I have never gone to a lawyer's office to buy milk or carrots, so why should the same principle operate in reverse?
Sorry, sorry, we've got to 'widen access', and be more 'inclusive'. You can't be inclusive towards solicitors - they're still going to be regulated like nobody's bloody business. And if you complain, then that's just all bloody lawyers sticking together, innit?
Not really. There are few people around who have less time for much of the legal profession than I do. However, it is going to be the public who will be short-changed, abetted as usual by the supine and craven Law Society and Bar Council. For all its faults, the previous system worked. It made going to law difficult and sometimes expensive - but going to law should be difficult and expensive.
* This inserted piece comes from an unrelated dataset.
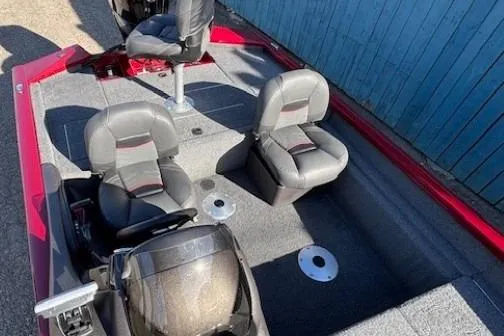 Slide: The Image of 2023 Tracker Pro Team 175 TF boat interior with seating and steering console. - 15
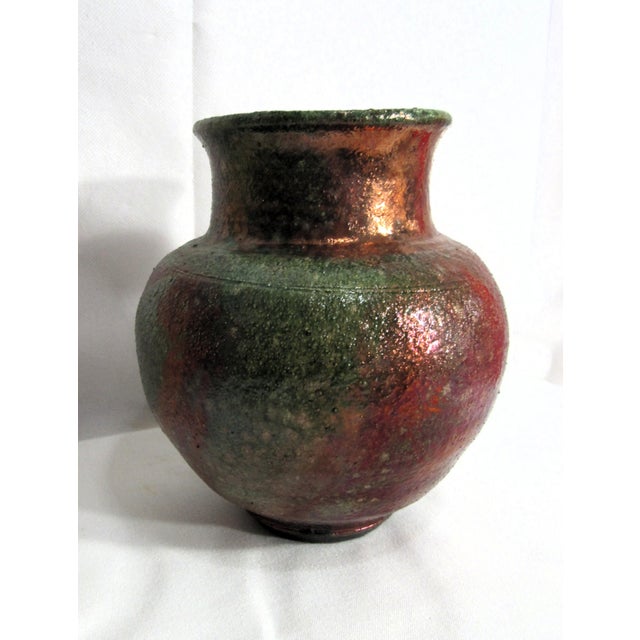 This is a piece of Raku studio pottery, some iridescent qualities as shown in photos. Sweet rustic little pot is...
By going to law, you seek to engage the services of people who have undergone years of training and who have accumulated years of experience in difficult matters of the umost importance - so why should they be remunerated like fishmongers? Most clients expect the proper wages for their own efforts - why should those whose aid they seek be any different?
And even the most talented lawyers are unable to make silk purses of the sow's ears of cases that most of their clients present them with.
The cult of 'consumerism' now holds such a grip over us that anything which is seen to be difficult, to be hard, has to be smashed. The public just can't handle it any more. Two days ago, I eavesdropped on the blog of a chap called Brian Barder, who doesn't like dialling '0870' numbers (in the UK, telephone numbers prefixed 0870 are classed as 'national rate', are charged at 10 pence per minute and are used by many customer service centres.) Brian is actually Sir Brian Barder KCMG, a former British High Commissioner (ambassador) to Australia. I suggested to him that the best way to avoid having to pay such charges would be to read the terms and conditions of service before making an 0870 call - more often than not, the query would be covered there.
His reply was telling -
"On your first point, I must say I regard the ‘Terms and Conditions’ that almost every business imposes on its customers (especially in any online transaction) as in effect another scam, since it’s impossible in practice to buy the service or goods you want without confirming that you have read (which you generally haven’t, unless you have a lot of time on your hands) and accepted the T&C, which on close inspection may well turn out to be outrageous. But however much you Google around, you’re most unlikely to find an alternative supplier whose T&C are any less onerous. So the discovery that you have bound yourself to some condition which relates to your query or complaint is not very comforting".
So much for traditions of English law such as caveat emptor, if perfectly accessible terms and conditions of contract are regarded as scams.
But such rampant destruction of that which actually worked has very dangerous social consequences. If legal services can be accessed at supermarkets, what respect for the law can possibly be instilled? Going to see a lawyer doesn't have anything like the mystique it should have - criminal legal aid has already put paid to that. What incentive will students have to become lawyers if their chosen profession is constantly under the government cosh, threatened with heavier and heavier penalties while driving down their wages?
No society can survive without its middle class; but if you can't kill all the lawyers, I suppose killing the legal profession is the next best thing instead.